Performance de RadioBallet à l’occasion du festival international de théâtre « Ciudades Paralelas »

Je considère le potentiel de milliers de personnes avec des magnétophones, portatifs et fixes, des messages transmis comme par des tam-tams, une parodie du discours du Président qui monterait et descendrait des balcons, entrerait et sortirait par des fenêtres ouvertes, à travers les murs, par-dessus les cours, qui serait repris par des chiens en aboyant, par des clochards en grommelant, musique, circulation descendant des rues balayées par le vent, traversant les parcs et les terrains de foot. L’illusion est une arme révolutionnaire10.

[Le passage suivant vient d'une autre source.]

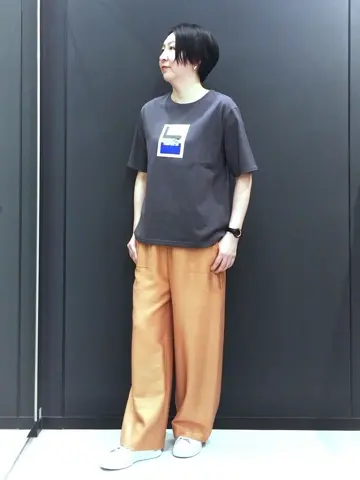 ICB 岩田 コーディネート画像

L’intérêt grandissant pour le sonore dont témoignent nombre de ces initiatives est plaisant à constater, tout comme la démocratisation de pratiques et d’écoutes jusque là confinées à des milieux spécialisés. L’on ne s’étonnera pas des partis pris commerciaux d’opérateurs touristiques traditionnels ni de l’enrôlement du son par les communicant⋅e⋅s, mais les approches contradictoires au sein des diverses branches de la création sonore, audionaturalistes ou non, signalent un malaise naissant : le risque – ou, selon la perspective, la volonté – de voir le sonore non musical rapatrié dans l’univers du divertissement, auquel il échappait jusqu’ici, et d’en faire un outil parmi d’autres de l’industrie des loisirs. Selon les démarches, nos oreilles sont invitées à faire le grand écart : entre redécouverte du monde par l’ouïe et extension auditive du domaine du tourisme, entre tout arrêter pour entendre et s’immerger dans un flux sonore aussi rapide et dense que les autres flux, entre ouverture de nouveaux espaces d’écoute et réenchantement en trompe-l’oreille du territoire. Le sonore saura-t’il continuer à inventer de nouvelles formes et se donner à connaître tout en gardant sa capacité d’étonnement, de poésie voire de subversion d’un certain ordre visuel et spectaculaire du monde ?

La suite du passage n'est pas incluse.